Rising prices put utilities at risk, analyst says
Greenwire (August 16, 2004)

 

Conditions for rising coal prices are creating risk among coal-burning utilities as an unexpected surge in demand has led to delivery bottlenecks and dwindling stockpiles at a growing number of power plants, states a new analysis by the credit rating agency Standard & Poors.

The report, "Rising Coal Prices May Threaten U.S. Utility Credit Profiles," says anticipated increases in coal prices, whose spot levels have doubled in the past 18 months, could leave certain utilities short of fuel supplies, particularly those that adhere to fixed or capped generation prices, have soon-to-expire coal supply contracts, or have no automatic means of recovering fuel costs from consumers.

Among the utilities at risk, says author Aneesh Prabhu, are MidAmerican Energy Co., Virginia Electric & Power Co., and PPL Energy Supply, all of which have agreed to serve native load customers through the end of the decade at fixed prices. Duke Power and certain Southern Co. affiliates also may feel the pinch due to partial or full fuel-cost adjustments. Similarly, Massachusetts Electric Co. and Boston Edison Co. may be exposed to risk because power costs that are not covered in rates may be deferred for recovery over 12 months, which introduces some regulatory lag time into the process, Prabhu says.

Coal prices are rising for a variety of reasons. But chief among them is that the coal industry did not anticipate demand growth in 2004, when more normal weather, a stronger economy and rising demand for coal-fired electricity because of high natural gas prices caught the industry flat-footed. In addition to the coal industry itself, railroads -- which carry the bulk of the nation's coal -- also had not prepared for a surge in shipping demand, resulting in a slower delivery to markets.

The planning and rail capacity problems means utilities cannot adjust for historically low coal inventories, particularly along the East Coast corridor where CSX Corp. delivers much of the region's coal by rail, Prabhu says. Demand for all rail-transported commodities has risen substantially, causing congestion delays and scheduling issues both on CSX and the Union Pacific lines, which operate in the West. Problems for CSX, which anticipated coal traffic growth of 1.8 percent in 2003 and 2004 when the actual growth was 5.6 percent, have been exacerbated by severe weather.

"It will probably take them into 2005 to take care of those issues," Prabhu said in an interview, though CSX already is taking steps to accommodate utilities by scheduling deliveries based on whose coal needs are more urgent.

Other problems center on the mining industry, where thinning coal seams and underground mine fires in 2003 contributed to a decline in Appalachian coal production.

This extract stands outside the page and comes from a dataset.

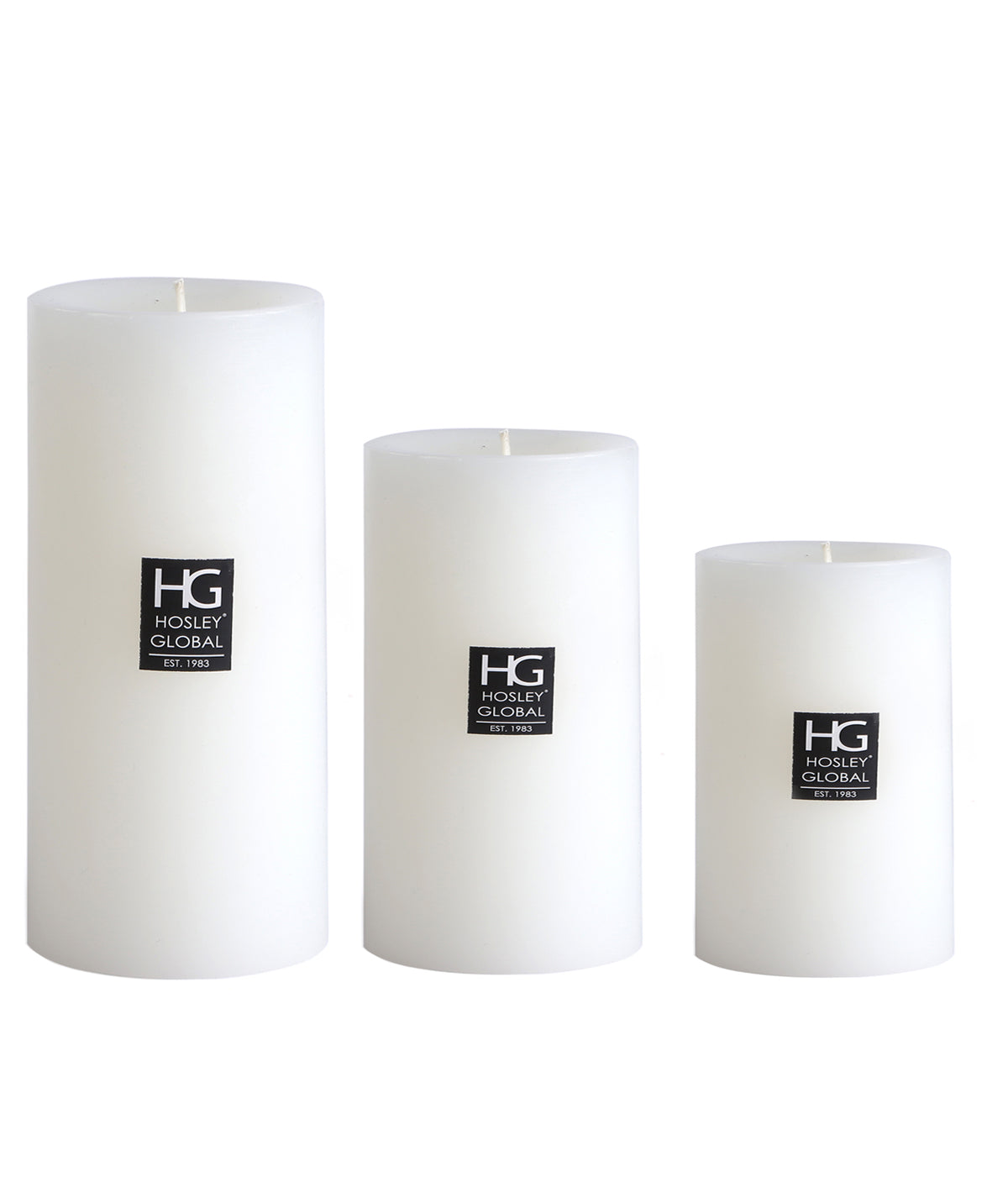 Hosley Set 3 Unscented Multi Size Decorative Pillar Candle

On the generation side, Prahbu reports that coal-fired capacity, at 1.6 percent growth year-on-year, is outpacing coal production, leasing to record-low utility coal inventories by the end of this year. Some utilities, including American Electric Power, PPL Energy Supply, Virginia Electric and the Tennessee Valley Authority, all report little more than one month of coal inventories on hand.

Prabhu noted that northern Appalachian mines "are not responding to demands for increased production." Though the mines have plentiful reserves, "property and environmental lawsuits and uncertainty regarding future emissions rules have caused few new mines to be developed." And estimates are that expected coal price increases reflect a flattening of mining productivity improvements that occurred over the past 20 years.

Also, Prabhu said, bankruptcies continue to dampen production as several producers and a few consumers are operating under Chapter 11 bankruptcies. "Thus, there are fewer marginal layers available to jump into operation when prices increase," he said.

The degree to which the industry can respond to these problems, Prabhu said, will determine whether these will become long-term challenges to coal generation. He notes that most commodity price forecasters believe resolution of these issues could reduce spot prices in the short to medium term. Yet as utilities already have begun entering longer-term contracts at the $40 per ton level, that is a good indication that "some market participants believe contractual terms may not fall," he said.

Coal remains an abundant commodity in the United States, and prices could fall rapidly once the industry sorts through its various challenges, Prabhu said. "The coal is there," he said. "The issue is more about permitting and environmental issues, and legacy lawsuits."

Whether the coal supply-demand dynamics intensify depends on how soon the coal mining industry can sort through its structural problems, according to the report. "The situation merits close monitoring," the report states. "In the interim, expect volatility in coal prices."